An apparatus in accordance with still another aspect of the present invention includes an etching chamber into which a reaction gas for forming a plasma is introduced. An ESC on which a wafer is disposed is installed on a bottom face of the etching chamber. An upper electrode for applying a voltage to the reaction gas to form the plasma is disposed at an upper portion of the etching chamber. A cooling plate is mounted on the upper electrode. A temperature controller is connected to the cooling plate. The temperature controller includes a bath for containing a refrigerant. One cooling line has a first end connected to the bath and a second end opposite to the first end. The second end branches off into first, second and third diverged lines. The first diverged line is connected to an edge portion of the cooling plate. The second diverged line is connected to a middle portion of the cooling plate. The third diverged line is connected to a central portion of the cooling plate. First, second and third valves for controlling flux of the refrigerants are mounted on inlets of the first, second and third diverged lines, respectively, through which the refrigerant flows to the cooling plate. First, second and third temperature sensors for detecting temperatures of the refrigerants are mounted on outlets of the first, second and third diverged lines, respectively, through which the refrigerant flows from the cooling plate. A controller controls opening angles of the first, second and third valves in accordance with the temperatures of the refrigerant detected by the first, second and third temperature sensors.

An apparatus in accordance with still another aspect of the present invention includes an etching chamber into which a reaction gas for forming a plasma is introduced. An ESC on which a wafer is disposed is installed on a bottom face of the etching chamber. A first temperature controller is connected to the ESC. An upper electrode for applying a voltage to the reaction gas to form a plasma is disposed at an upper portion of the etching chamber. A cooling plate is mounted on the upper electrode. A second temperature controller is connected to the cooling plate. Each of the first and second temperature controllers includes a bath in which a refrigerant is contained. One cooling line has a first end connected to the bath and a second end opposite to the first end. The second end branches off into each of first, second and third diverged lines. Each of the first diverged lines is connected to an edge portion of the ESC and the cooling plate. Each of the second diverged lines is connected to a middle portion of the ESC and the cooling plate. Each of the third diverged lines is connected to a central portion of the ESC and the cooling plate. First, second and third valves for controlling flux of the refrigerant are mounted on inlets of the first, second and third diverged lines, respectively, through which the refrigerant flows to the ESC or the cooling plate. First, second and third temperature sensors for detecting temperatures of the refrigerants are mounted on outlets of the first, second and third diverged lines, respectively, through which the refrigerant flows from the ESC or the cooling plate. A controller controls opening angles of the first, second and third valves in accordance with the temperatures of the refrigerant detected by the first, second and third temperature sensors.
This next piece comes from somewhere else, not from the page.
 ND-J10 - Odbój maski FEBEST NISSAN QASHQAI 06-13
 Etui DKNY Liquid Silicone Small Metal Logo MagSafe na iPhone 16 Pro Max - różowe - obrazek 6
According to embodiments of the present invention, the temperatures of the object by regions may be readily controlled using one bath. Thus, the temperature controller has simple structure, and manufacturing cost of the temperature controller is decreased. Also, the flux of the refrigerants from one bath may be readily controlled.

BRIEF DESCRIPTION OF THE DRAWINGS

The above objects and advantages of the present invention will become more apparent by describing preferred embodiments in detail with reference to the attached drawings in which:

FIG. 1 is a cross sectional view illustrating a conventional etching apparatus;

FIG. 2 is a perspective view illustrating a conventional temperature controller;

FIG. 3 is a partially cross sectional view illustrating an etching apparatus having a conventional temperature controller;

FIG. 4 is a cross sectional view illustrating a temperature controller in accordance with a first embodiment of the present invention;

FIG. 5 is a cross sectional view illustrating an ESC in which the temperature controller in FIG. 4 is employed;

FIG. 6 is a cross sectional view illustrating an etching apparatus in accordance with a second embodiment of the present invention;

FIG. 7 is a cross sectional view illustrating an etching apparatus in accordance with a third embodiment of the present invention; and

FIG. 8 is a cross sectional view illustrating an etching apparatus in accordance with a fourth embodiment of the present invention.

DESCRIPTION OF THE PREFERRED EMBODIMENTS

The present invention will be described more fully hereinafter with reference to the accompanying drawings, in which preferred embodiments of the invention are shown.

Embodiment 1

Referring to FIG. 4, a temperature controller system 100 in accordance with the present embodiment of the present invention includes only one refrigerant bath 110 for containing a refrigerant. One cooling line 120 has a first end and a second end. The first end of the cooling line 120 is connected to the refrigerant bath 110. The second end of the cooling line 120 branches off into first, second and third diverged lines 131, 132 and 133.

The first diverged line 131 is connected to an edge portion of an object 240, for example an electrostatic chuck on which a wafer is disposed. The second diverged line 132 is connected to a middle portion of the object 240. The third diverged line 133 is connected to a central portion of the object 240.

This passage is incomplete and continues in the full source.